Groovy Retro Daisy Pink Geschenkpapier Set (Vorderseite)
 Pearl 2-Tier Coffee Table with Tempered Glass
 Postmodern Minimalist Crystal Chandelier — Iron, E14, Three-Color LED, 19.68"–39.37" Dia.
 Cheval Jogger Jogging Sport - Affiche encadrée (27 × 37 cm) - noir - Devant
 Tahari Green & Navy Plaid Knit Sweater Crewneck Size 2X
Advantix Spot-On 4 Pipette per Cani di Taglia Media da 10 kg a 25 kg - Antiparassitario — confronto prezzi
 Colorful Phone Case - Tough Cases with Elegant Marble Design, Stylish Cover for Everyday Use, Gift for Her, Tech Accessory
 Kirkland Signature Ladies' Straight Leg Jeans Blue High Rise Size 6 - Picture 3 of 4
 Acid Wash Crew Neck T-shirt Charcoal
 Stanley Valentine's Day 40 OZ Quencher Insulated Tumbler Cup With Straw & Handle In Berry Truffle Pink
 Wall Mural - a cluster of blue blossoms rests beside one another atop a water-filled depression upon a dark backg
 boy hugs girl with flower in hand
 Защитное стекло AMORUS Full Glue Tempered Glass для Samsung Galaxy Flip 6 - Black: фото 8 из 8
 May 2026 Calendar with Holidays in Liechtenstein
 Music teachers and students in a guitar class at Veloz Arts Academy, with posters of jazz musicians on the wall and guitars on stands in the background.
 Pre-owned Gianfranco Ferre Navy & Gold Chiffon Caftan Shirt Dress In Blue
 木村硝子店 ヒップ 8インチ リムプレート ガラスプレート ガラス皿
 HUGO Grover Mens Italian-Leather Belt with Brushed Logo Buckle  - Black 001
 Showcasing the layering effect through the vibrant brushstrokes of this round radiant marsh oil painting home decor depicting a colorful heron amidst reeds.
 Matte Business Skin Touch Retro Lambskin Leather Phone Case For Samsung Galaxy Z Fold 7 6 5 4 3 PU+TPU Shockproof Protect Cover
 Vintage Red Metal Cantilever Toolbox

━━━━━━━━━━━━━━━━━━━━━━━━━━━━━━

* EXERCISE GOAL:
Write the data out again. Match it exactly.

* FINISHED TASK:
Groovy Retro Daisy Pink Geschenkpapier Set (Vorderseite)
 Pearl 2-Tier Coffee Table with Tempered Glass
 Postmodern Minimalist Crystal Chandelier — Iron, E14, Three-Color LED, 19.68"–39.37" Dia.
 Cheval Jogger Jogging Sport - Affiche encadrée (27 × 37 cm) - noir - Devant
 Tahari Green & Navy Plaid Knit Sweater Crewneck Size 2X
Advantix Spot-On 4 Pipette per Cani di Taglia Media da 10 kg a 25 kg - Antiparassitario — confronto prezzi
 Colorful Phone Case - Tough Cases with Elegant Marble Design, Stylish Cover for Everyday Use, Gift for Her, Tech Accessory
 Kirkland Signature Ladies' Straight Leg Jeans Blue High Rise Size 6 - Picture 3 of 4
 Acid Wash Crew Neck T-shirt Charcoal
 Stanley Valentine's Day 40 OZ Quencher Insulated Tumbler Cup With Straw & Handle In Berry Truffle Pink
 Wall Mural - a cluster of blue blossoms rests beside one another atop a water-filled depression upon a dark backg
 boy hugs girl with flower in hand
 Защитное стекло AMORUS Full Glue Tempered Glass для Samsung Galaxy Flip 6 - Black: фото 8 из 8
 May 2026 Calendar with Holidays in Liechtenstein
 Music teachers and students in a guitar class at Veloz Arts Academy, with posters of jazz musicians on the wall and guitars on stands in the background.
 Pre-owned Gianfranco Ferre Navy & Gold Chiffon Caftan Shirt Dress In Blue
 木村硝子店 ヒップ 8インチ リムプレート ガラスプレート ガラス皿
 HUGO Grover Mens Italian-Leather Belt with Brushed Logo Buckle  - Black 001
 Showcasing the layering effect through the vibrant brushstrokes of this round radiant marsh oil painting home decor depicting a colorful heron amidst reeds.
 Matte Business Skin Touch Retro Lambskin Leather Phone Case For Samsung Galaxy Z Fold 7 6 5 4 3 PU+TPU Shockproof Protect Cover
 Vintage Red Metal Cantilever Toolbox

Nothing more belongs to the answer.